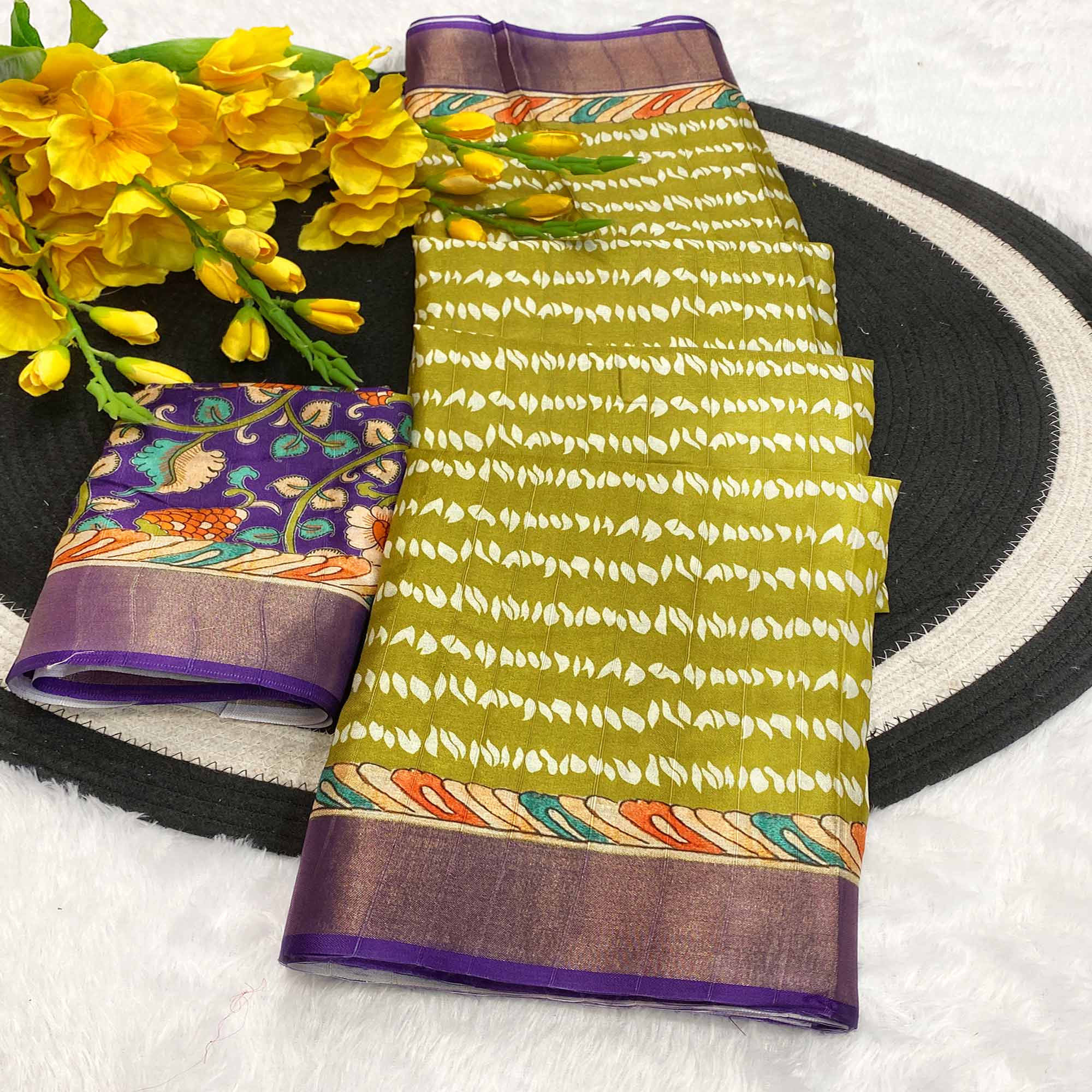 Mehendi Green Tusser Art Silk Saree Embellished With Peacock Print & Zari Border Work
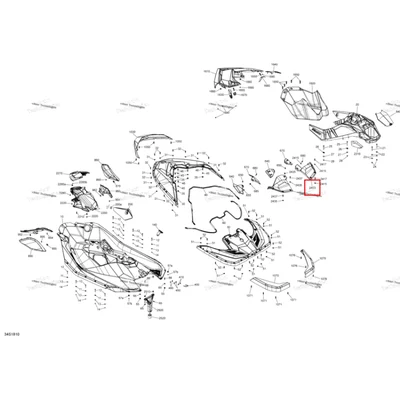 Can Am красный правый подножка в сборе Package Trixx Sea-Doo Spark 900 HO ACE (2018) (291004539)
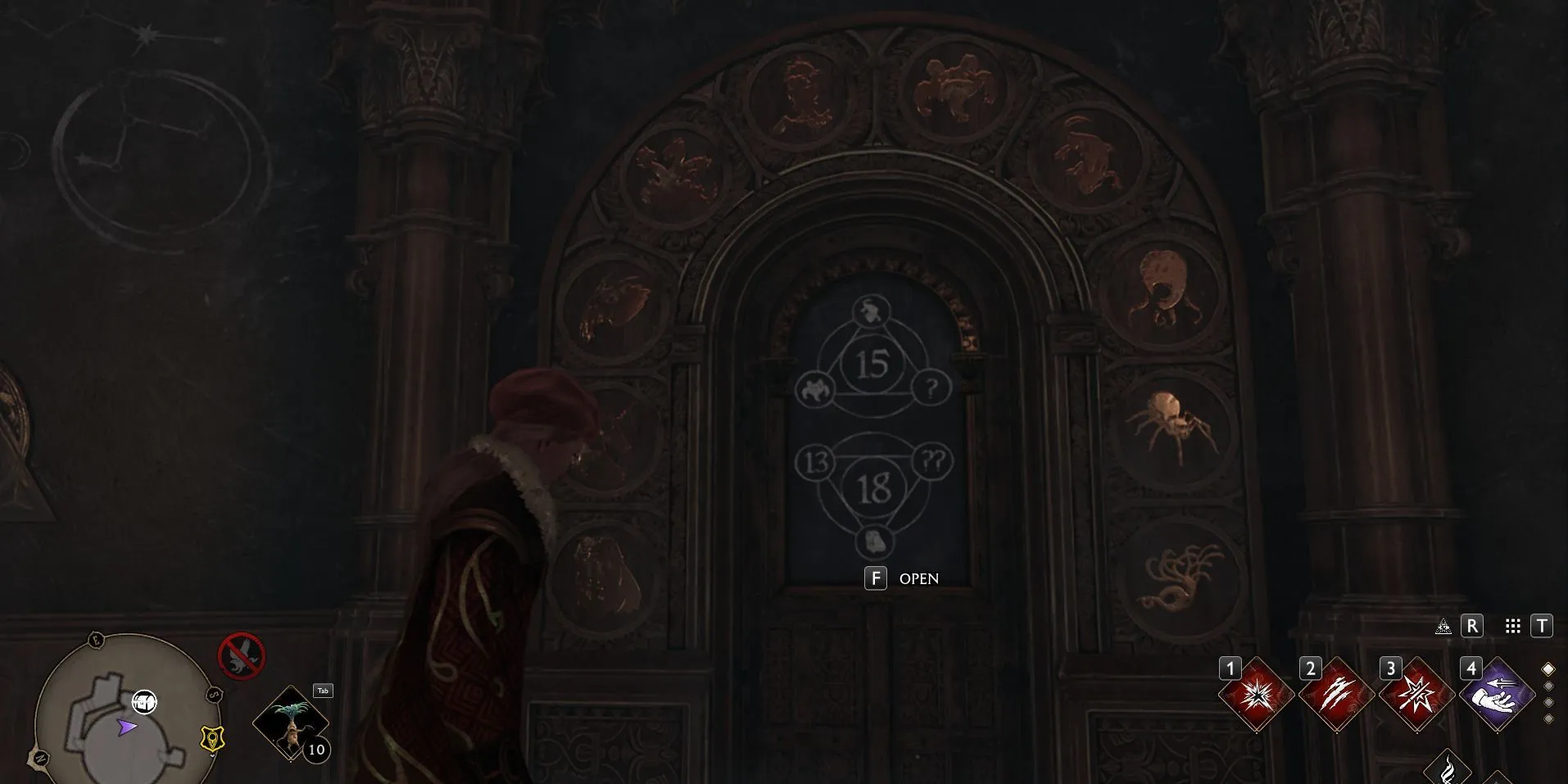 Immagine della seconda porta dei dadi nell'aula di aritmanzia in Hogwarts Legacy.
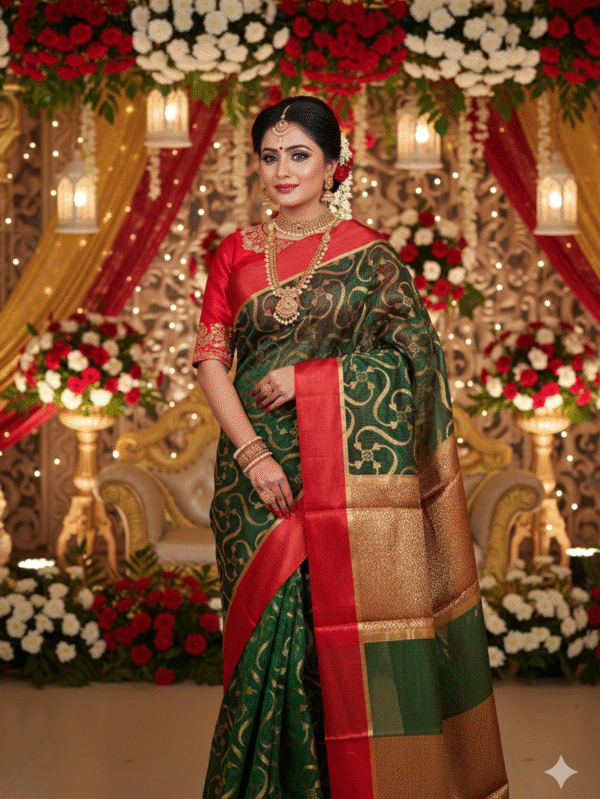 Boutique Piece Bottle Green Saree with Red Border- The Closet Saree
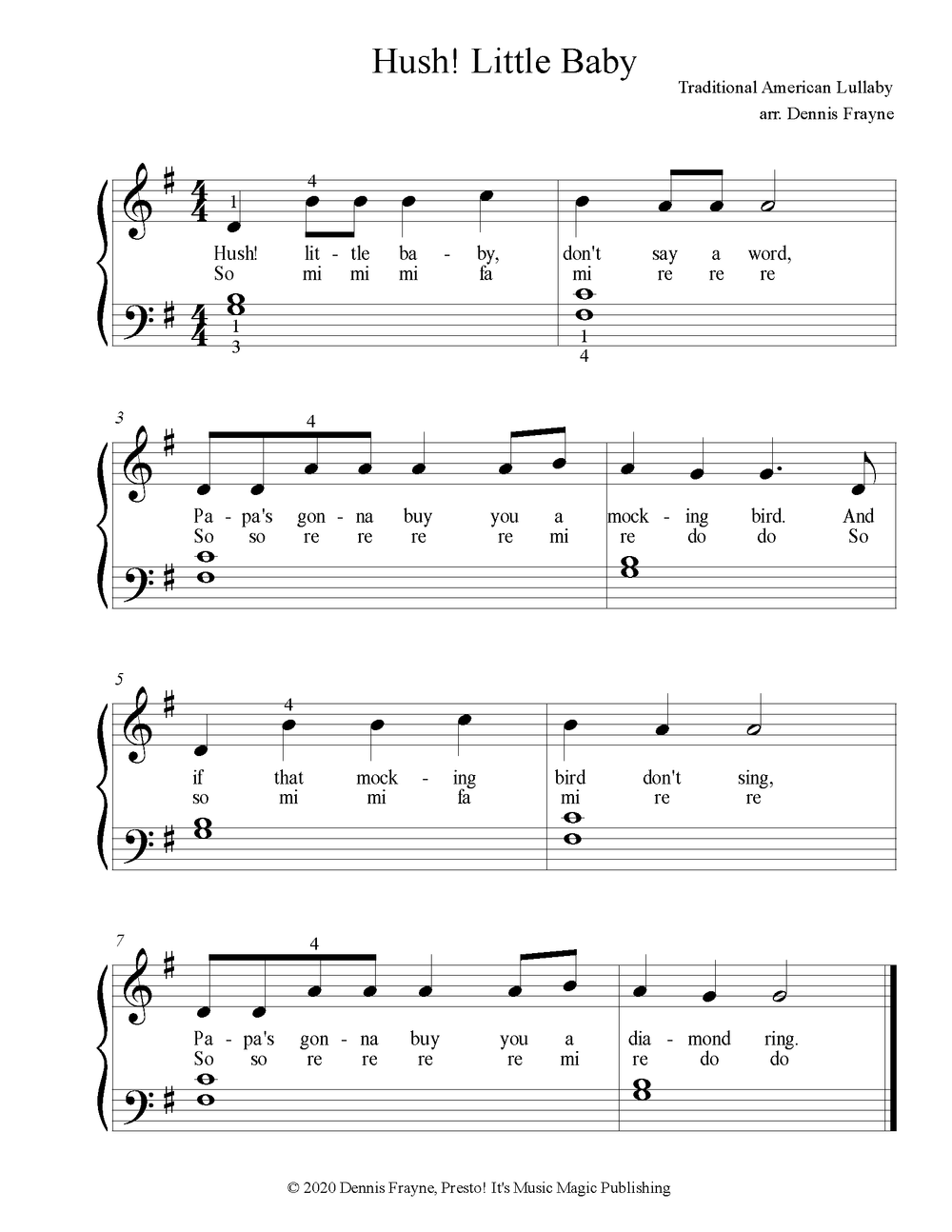 Hush! Little Baby — Presto! It's Music Magic Publishing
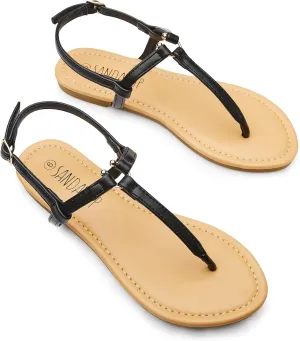 SANDALUP Thong Flat Sandals with Ring Metal and Adjustable Ankle Buckle for Women Summer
★ ★ ★ ★ ★ ★ ★
» **TASK GOAL**:
All that is required is the lines from the line containing "Immagine della seconda" through the end of the records above, copied exactly, and none of the pictures.

» **ANSWER BELOW**:
 Immagine della seconda porta dei dadi nell'aula di aritmanzia in Hogwarts Legacy.
 Boutique Piece Bottle Green Saree with Red Border- The Closet Saree
 Hush! Little Baby — Presto! It's Music Magic Publishing
 SANDALUP Thong Flat Sandals with Ring Metal and Adjustable Ankle Buckle for Women Summer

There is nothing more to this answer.